We passed the expansive former estate of the Knights Templars, now home to a complex of legal practices. The gardens at Temple are beautiful, but also more or less inaccessible unless you're privileged to have access to them. Perhaps I'm a conspiracy theorist after all, or perhaps I've started to believe the hokum in Umberto Eco's Foucault's Pendulum, but I did find myself shuddering as I walked past both Temple and the Church of Scientology slightly earlier. Fortunately, walking a little further on any sense of weirdness in the air evaporated as we encountered the crowds of fashionistas queuing at the Valentino exhibition; it seemed to restore a sense of superficiality back to proceedings.
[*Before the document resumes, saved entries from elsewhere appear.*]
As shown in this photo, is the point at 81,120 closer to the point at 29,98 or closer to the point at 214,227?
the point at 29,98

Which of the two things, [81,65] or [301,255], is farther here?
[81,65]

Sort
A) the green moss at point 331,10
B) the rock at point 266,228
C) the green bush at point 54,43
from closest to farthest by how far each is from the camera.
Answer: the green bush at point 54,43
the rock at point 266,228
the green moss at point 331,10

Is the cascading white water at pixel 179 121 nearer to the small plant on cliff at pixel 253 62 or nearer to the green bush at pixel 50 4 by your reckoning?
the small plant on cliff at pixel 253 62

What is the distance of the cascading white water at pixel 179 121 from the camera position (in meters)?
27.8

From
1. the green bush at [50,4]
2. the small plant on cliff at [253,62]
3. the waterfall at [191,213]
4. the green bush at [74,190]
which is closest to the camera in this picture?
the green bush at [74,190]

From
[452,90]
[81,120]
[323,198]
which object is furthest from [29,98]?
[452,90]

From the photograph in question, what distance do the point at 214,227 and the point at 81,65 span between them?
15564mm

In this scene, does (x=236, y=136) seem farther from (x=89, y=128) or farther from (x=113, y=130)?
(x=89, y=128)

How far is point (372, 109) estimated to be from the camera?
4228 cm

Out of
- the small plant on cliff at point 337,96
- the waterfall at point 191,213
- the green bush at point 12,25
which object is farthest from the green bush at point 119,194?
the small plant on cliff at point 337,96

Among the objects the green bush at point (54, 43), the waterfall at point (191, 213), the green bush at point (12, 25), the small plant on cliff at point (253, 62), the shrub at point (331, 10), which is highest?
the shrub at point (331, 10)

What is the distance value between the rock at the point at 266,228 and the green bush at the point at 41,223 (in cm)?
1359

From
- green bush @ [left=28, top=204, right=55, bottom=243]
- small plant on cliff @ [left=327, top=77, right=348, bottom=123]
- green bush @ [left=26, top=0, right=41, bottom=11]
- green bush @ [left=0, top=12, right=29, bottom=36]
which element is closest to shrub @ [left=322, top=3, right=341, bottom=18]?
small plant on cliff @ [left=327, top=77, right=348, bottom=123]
In contrast to the well-dressed crowd, we were passed by a pack of boys pulling tricks on skateboards. 'I used to have a skateboard,' I told Daughter 2, now being carried for a few hundred metres. 'Could you do that?' she asked, as one of the kids flicked his board up, twirled it in midair and landed on it perfectly. I sighed, thinking back to my heavy, cheap deck bought from a toyshop in Westcliff-on-Sea in my youth. 'No,' I muttered. I could barely ride the thing, let alone do tricks.
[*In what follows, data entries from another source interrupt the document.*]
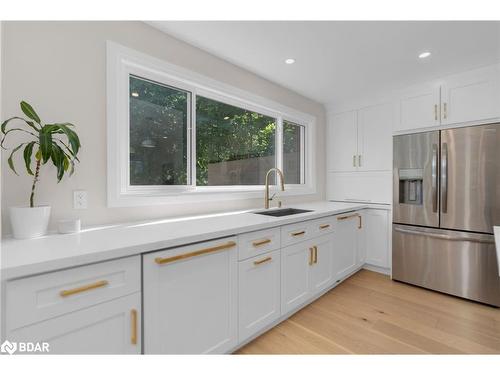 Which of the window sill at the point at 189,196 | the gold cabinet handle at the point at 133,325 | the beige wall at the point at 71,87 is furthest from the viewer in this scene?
the window sill at the point at 189,196

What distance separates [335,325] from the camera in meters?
1.93

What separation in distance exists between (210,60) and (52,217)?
173cm

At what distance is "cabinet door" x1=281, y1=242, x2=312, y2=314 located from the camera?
190 cm

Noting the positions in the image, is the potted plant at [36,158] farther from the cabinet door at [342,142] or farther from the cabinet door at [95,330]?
the cabinet door at [342,142]

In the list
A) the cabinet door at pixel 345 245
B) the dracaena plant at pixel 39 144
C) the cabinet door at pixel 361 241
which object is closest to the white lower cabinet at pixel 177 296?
the cabinet door at pixel 345 245

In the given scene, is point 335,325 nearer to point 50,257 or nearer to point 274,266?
point 274,266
Eventually we got back to the Phoenix Theatre a few minutes before turning-out time. As we approached the main entrance to the theatre, we took a look at the progress being made on the Phoenix Garden. The Garden, an old car park that was saved from being converted into luxury apartments, is a charity space run by volunteers. It's one of those places tucked away that retains a secretive, hidden quality in spite of being surrounded on all sides by busy roads. The four of us followed a guidebook to the garden once when looking for things to do in London with children, and at the time the space was populated by a mere smattering of people chilling out among the carefully maintained but overgrown plantings. If it wasn't for the vigilance of the volunteer workers and the absolute zero tolerance policy toward drugs and alcohol in the park, you'd think it would be a key destination for junkies and drunks. The day we were there a couple of years ago, there was one trampy-looking guy snoring contentedly under a bush, but otherwise it was a picture of conviviality and tranquility, a couple of indie guys strumming an acoustic guitar aimlessly at the back of the park next to some inoffensive graffiti, and the most dangerous things that we saw that day were a lazy pollen-covered bee, a tiny fieldmouse and a few ladybirds. The park was just a muddy mess when Daughter 2 and I poked our noses through the bars that Saturday, but I'm sure it will be returned to its bohemian splendour in no time at all.

Emerging from the theatre while Daughter 2 were topping up our energy levels with a couple of handfuls of Jelly Belly sweets, Mrs S was gushing about the quality of the dancing, while Daughter 1 explained that her favourite sequence was the cameo by Russell Grant, much to her mother's horror. The walk to Waterloo was dominated by Daughter 1 moaning about a stomach ache and Daughter 2 cheerfully explaining how much fun she'd had. As we crossed the river - for Daughter 2 and I this would be our third crossing of the afternoon - Daughter 1 was back to her normal, enthusiastic chatty and observant self, a pleasantly quiet Tube ride concluding another excellent afternoon of exploring and - I hope - memory-making.